First I drop off a roll of film in the big box on the upper level. Then I head down to the section of bathroom items to pick out a new toothbrush. The one I had before has *medium* bristles, which just doesn't feel right on my gums. I pick out a beautiful seaweed-colored brush with "soft" bristles. The store is not very busy at this time, so I can be in my own consumer reality; no other students are there to pull me out of the focused mental state of my shopping trip. An album of Crosby, Stills & Nash is blasting out of the speakers, and I find myself humming along to the familiar tunes. Suddenly I feel very hot and realize that wearing my jacket is not comfortable for the temperature of the room. I feel much better once I take it off.
Next I head over to the shelf of fiction books. I cannot remember the last time I bought myself a non-academic book, but now I have the wonderful excuse of purchasing a pleasure read for the Reading & Study Skills course I am taking.
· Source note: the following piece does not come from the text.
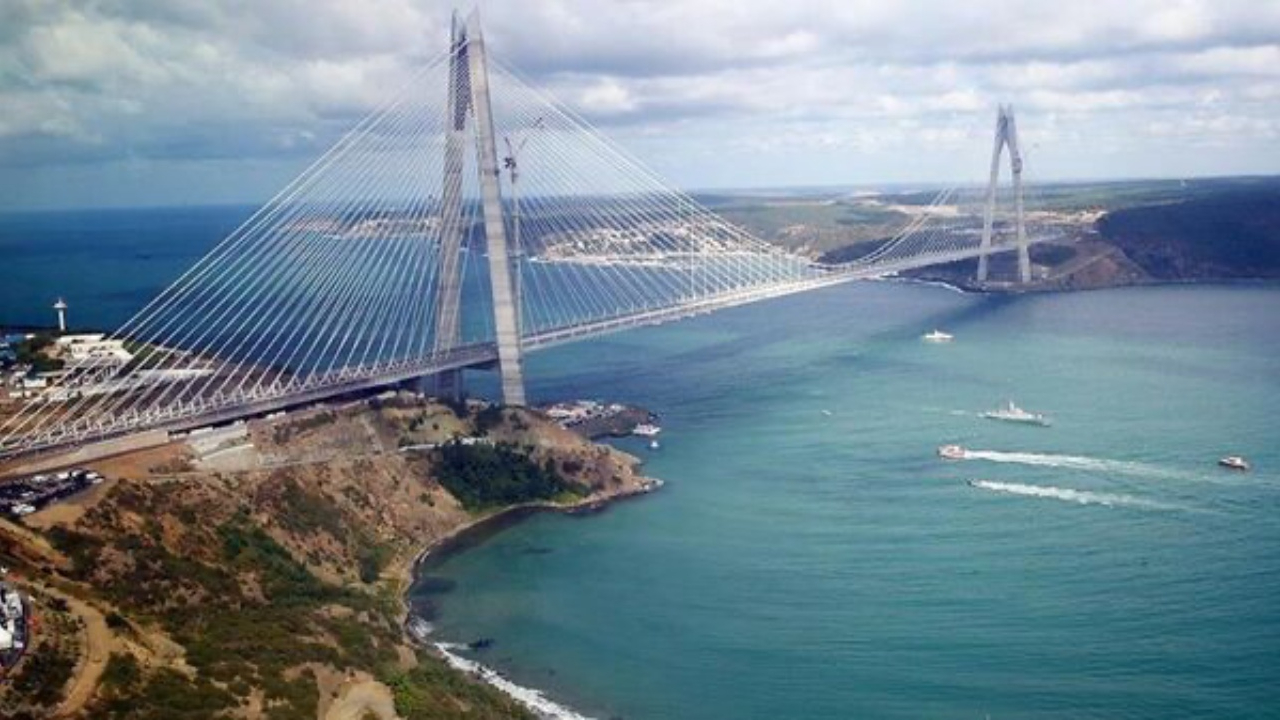 Yavuz Sultan Selim Köprüsü 9 Yılda 70 milyar lira tasarruf sağladı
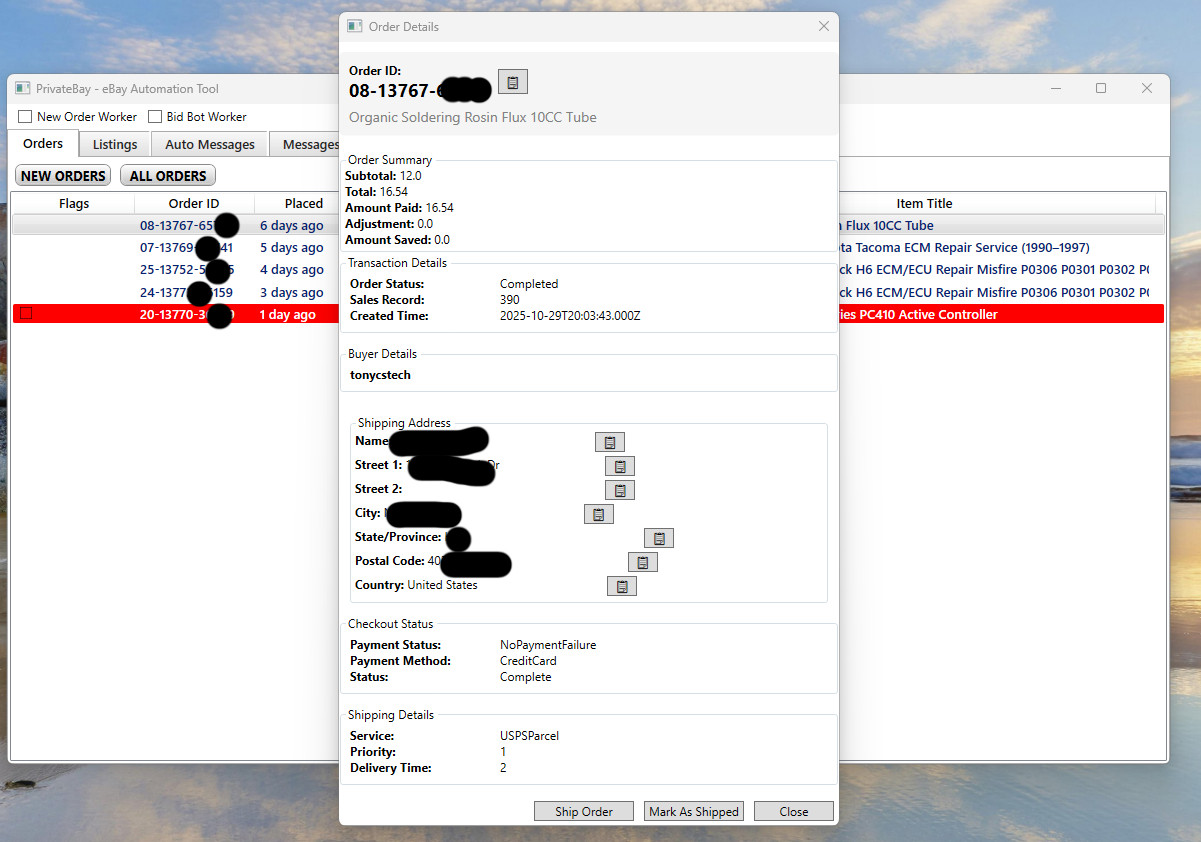 PrivateBay Beta Release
We were asked to bring a light, fun book to class in order to record/test our reading rates for the next three weeks. The bookstore carries a bunch of yummy-looking fiction books. The slick, attractive publishing techniques lure and hook me as a consumer, inviting me to open up the glossy, colorful covers to see more. I find a new book of short stories that has an enticing photo on the front: a rowboat on a calm lake surrounded by trees. It occurs to me that this book could be a better choice than a novel since it would potentially lower the dangerous risk of getting my time sucked away by an addictively long plot. I then see an intriguing book on dreams, which instantly grabs me since I keep a regular dream journal (posted on my web page:
I want to page through these two choices, so I go sit down on an inconspicuous couch tucked away in the corner of the store, behind a bookshelf. The nook is pretty damn cozy. I take off my shoes and stretch out my legs, snuggling down into a big pile of squishy pillows. This is the kind of activity I would love to do if I had more time -- just go into bookstores and read new books in total comfort. I start thumbing through the dream book, which describes REM cycles and what our bodies do throughout the night. Reading this stuff makes me very sleepy. I close my eyes... Suddenly I wake up and look at my watch. Forty-five minutes of unexpected sleep! I ended up buying the book of short stories (as well as the new toothbrush). I think that was my first experience of a shopping-trip nap.

* * *

This week's reading certainly provoked some thinkin'. At one point, Foucault writes, "A meticulous observation of detail, and at the same time a political awareness of these small things, for the control and use of men, emerge through the classical age bearing with them a whole set of techniques..." (141). This focus on small details is reflected in the store displays of Ladies' Paradise, as the clerks know that visual details are key to the stimulation of customer's consumerism. The close reading we did last week in class is a clear illustration, describing the rich importance of a window display's many details. Speaking of details, it was interesting to read about Miller's look at the Bon Marche, a "dazzling and sensuous fantasy world." I was struck by the fact that the store's goods became so interwoven with perceptions of the bourgeois that buying some of the products there became the purchase of bourgeois status at the same time. One of the characteristics expected of the women who answered the written queries of the clientele was named as "a talent for suppressing their natural sense of humor" -- why? (Am I missing something obvious?)